Data shown:
************

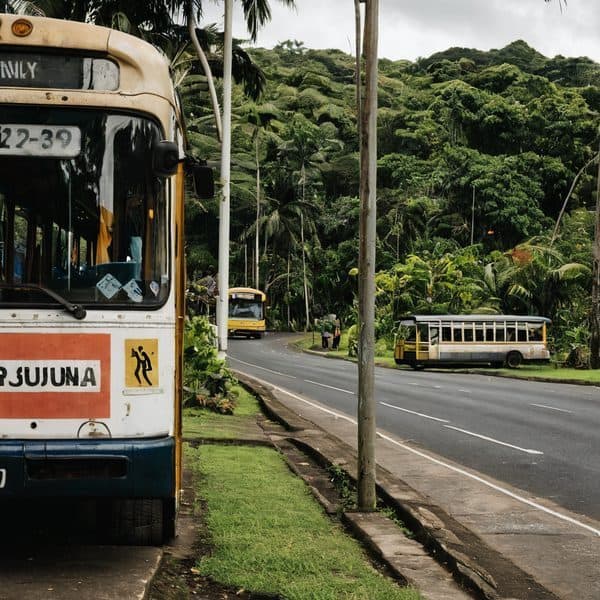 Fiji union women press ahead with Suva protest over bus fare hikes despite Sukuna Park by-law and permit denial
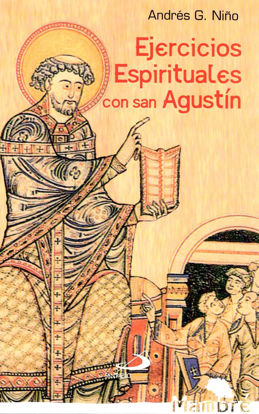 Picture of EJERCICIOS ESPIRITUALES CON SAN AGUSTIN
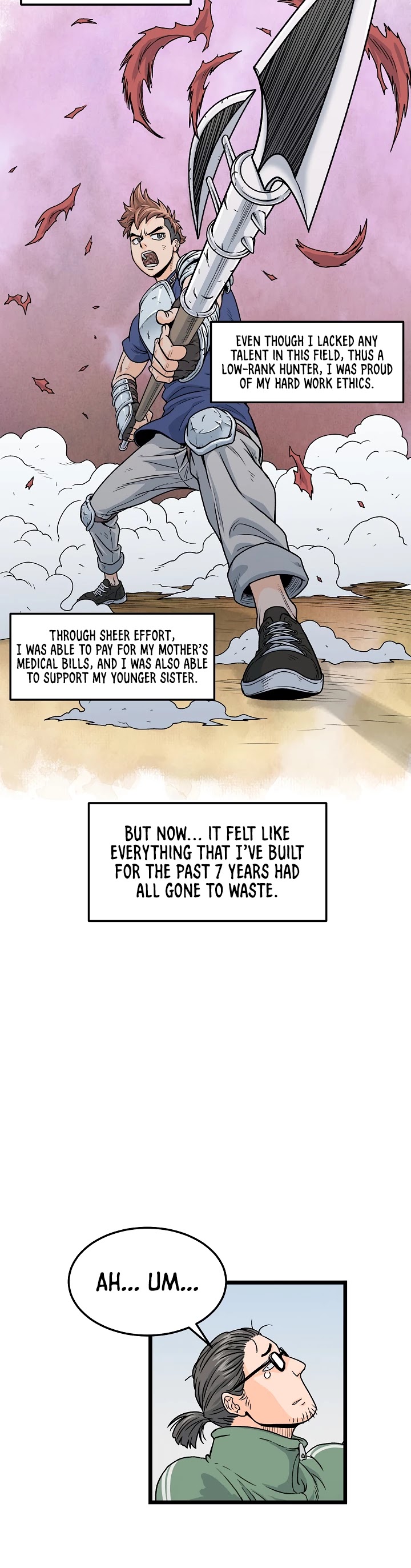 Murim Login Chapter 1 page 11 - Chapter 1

************

Once the pictures are set aside, what is needed is the lines from the line with "Picture of EJERCICIOS" through the end of the data, written out exactly and alone.

Task solution:
 Picture of EJERCICIOS ESPIRITUALES CON SAN AGUSTIN
 Murim Login Chapter 1 page 11 - Chapter 1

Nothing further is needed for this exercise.